Infiltration-induced landslides are major natural hazards. When they occur along highways they can impede traffic, damage infrastructure, and threaten public safety. This paper presents a case study of an active landslide on an embankment of Interstate-70 west of the Eisenhower Tunnel in central Colorado, USA. Records indicate that the hillslope under I-70 has moved episodically over the previous 40years. In the previous two decades the road surface has been displaced vertically by more than 60cm. The objective of this work is to develop a conceptual model capable of quantifying the seasonally reactivated landslide movement at the site. Inclinometer data of subsurface deformation and geologic and hydrologic mapping are used to develop the conceptual model as well as to constrain a numerical model. A two-dimensional hydro-mechanical numerical model is used to test the conceptual model under three different infiltration rates during the period of snowmelt in the spring. The framework used in the numerical model accounts for the major physical processes driving instability of the slope: time-dependent variably saturated flow, the resultant changes in stress, and induced deformation.
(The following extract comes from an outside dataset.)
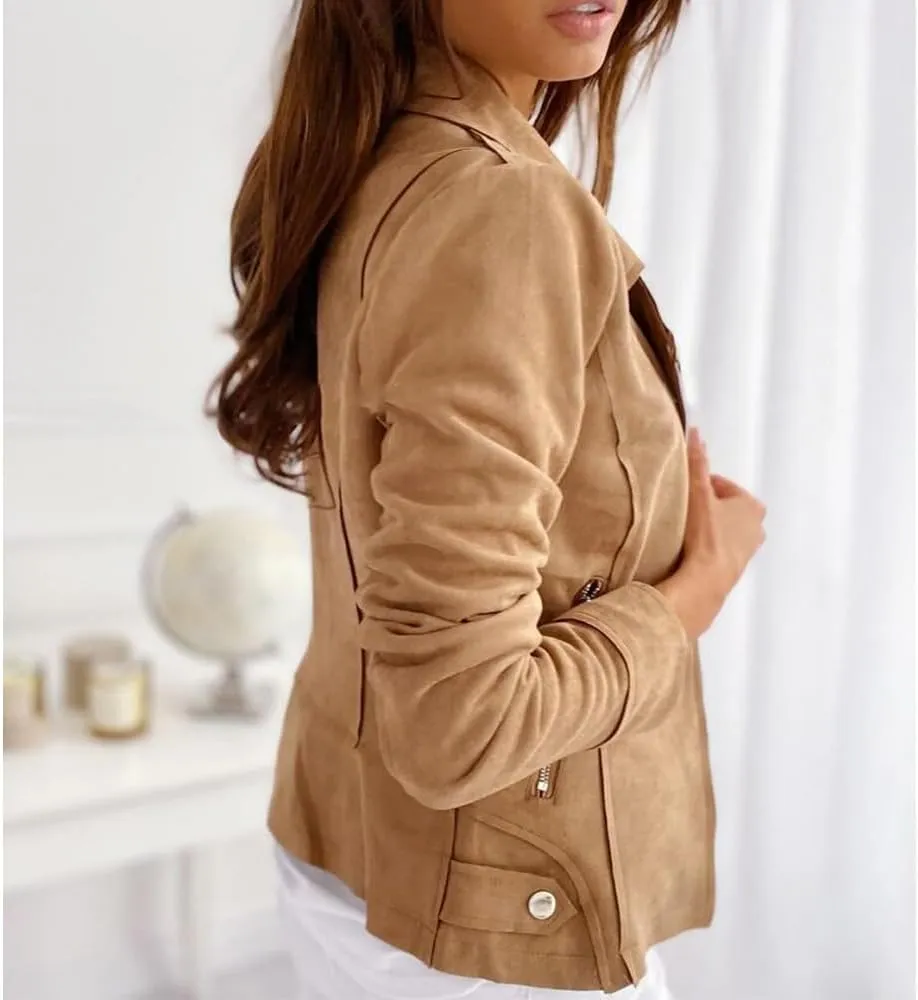 Women's Light Jackets Faux Leather Suede Jackets for Lady Fall Casual Trendy Zipper Cropped bomber Coat Outwear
When the snowmelt water infiltrates into the slope, the soil water content and the water-table level vary accordingly. These time-dependent variations result in changes in soil matric suction, effective stress, and consequently change in slope stability. The model calculates pore-water pressures, suction stress, and the distribution of effective stress in the embankment slope at different times. Global factors of safety as a function of time are calculated along the predetermined sliding surface using effective stresses calculated with finite elements. The slope stability assessment quantitatively confirms the conceptual model and is consistent with the displacements monitored at the site during the years of 2007–2009. It is shown that annual snowmelt infiltration of 60–100cm of water can reduce the factor of safety by 6%, enough to sustain landslide movement for as long as 8months each year.